── GIVEN MATERIAL ──
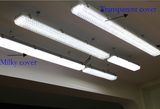 LED Watertight Lighting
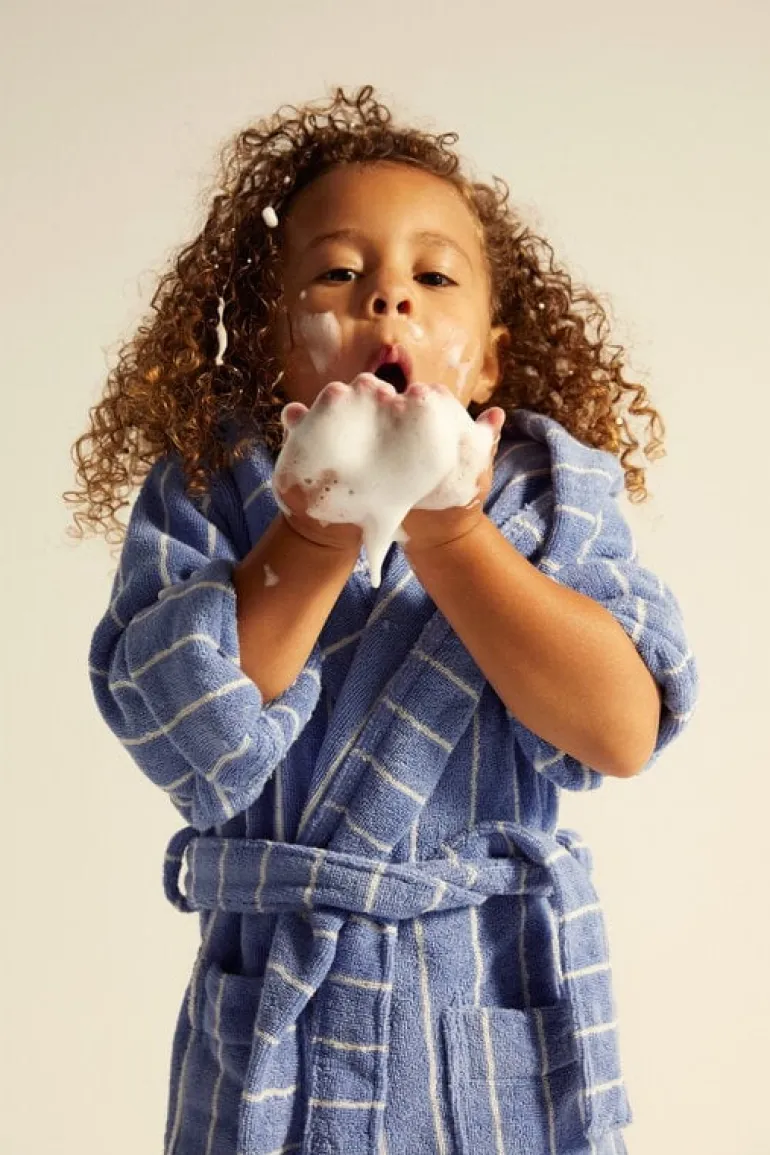 Kinfill Halo handtvål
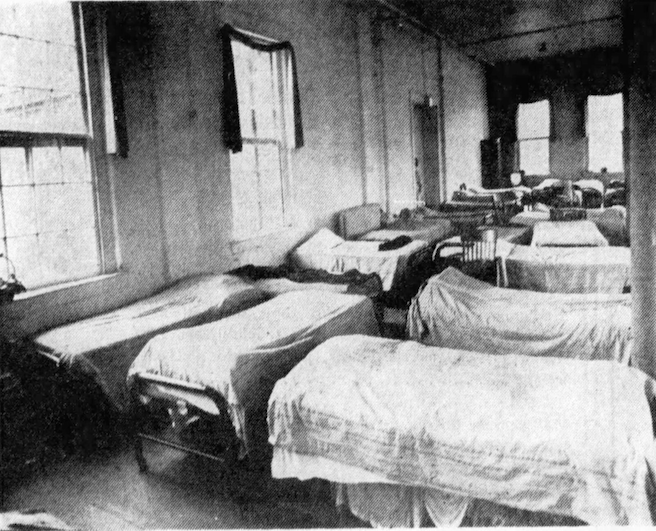 Screen Shot 2016-11-14 at 9.39.51 PM.png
───
## DIRECTIONS
Pictures stay out; everything else in the listing above gets restated word for word.

## OUTPUT FOR THIS EXERCISE
 LED Watertight Lighting
 Kinfill Halo handtvål
 Screen Shot 2016-11-14 at 9.39.51 PM.png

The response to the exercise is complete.